Yen To Dollar - Daily Candle Chart 10th February 2009

Yesterday’s candle hardly provided a ringing endorsement to the breakout of last week, with a ‘dark cloud over’ pattern appearing, on the daily chart. The dark cloud over consists of two candles, an up bar as we saw on Friday, followed by a down bar yesterday, but one which initially opened higher, which gives it the impression of hanging over the first candle like a cloud. The most important aspect of the signal is the depth of the closing price on the down candle within the body of the up bar, which in this case is significant. The rationale behind the pattern is easily explained. In the first session ( on Friday ) the market is moving up with a wide spread up bar, which is followed by a gapped up opening on Monday with the bulls in complete control. At this stage the technical picture changes and prices fall, well below the open and deep into the long positions of Friday. At this stage those long the market become concerned and close out positions, whilst those looking for short positions see an opportunity to benefit from the reversal. As the name suggests, we now have a black cloud hanging over us! You have been warned, so expect a move lower today.

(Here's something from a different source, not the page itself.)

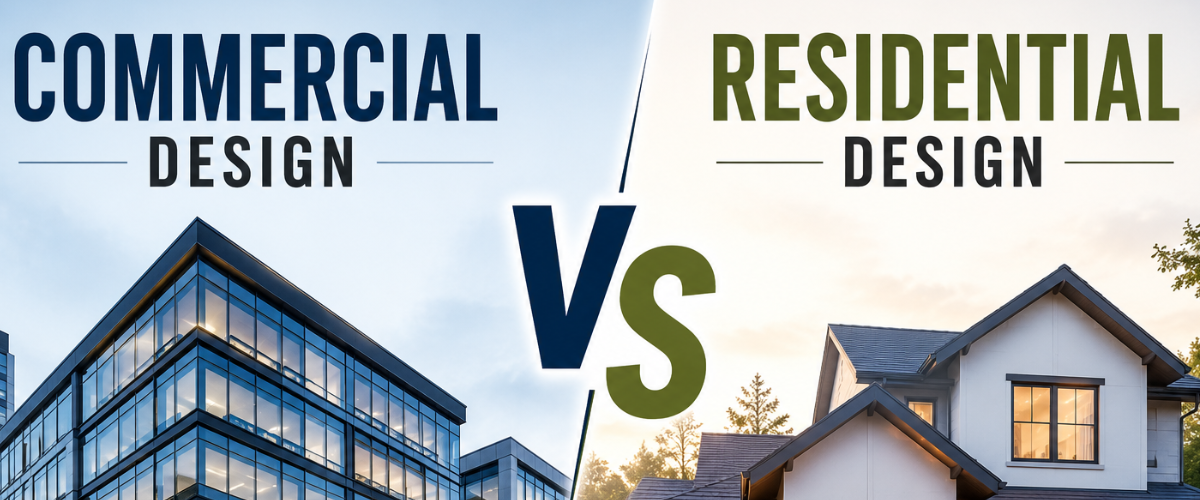 Commercial vs residential interior design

Whether this is a temporary fall, or the breakout was a false one only time will tell, but based on the signal, if you are happy to trade on the strength of it, I would suggest small short positions for today on an intra day or scalping basis, with any major market move coming this evening once Ben Bernanke starts his speech in Washington – more details are available on the euro to dollar site.

The short term outlook is bearish, the medium term is sideways and the long term is bullish.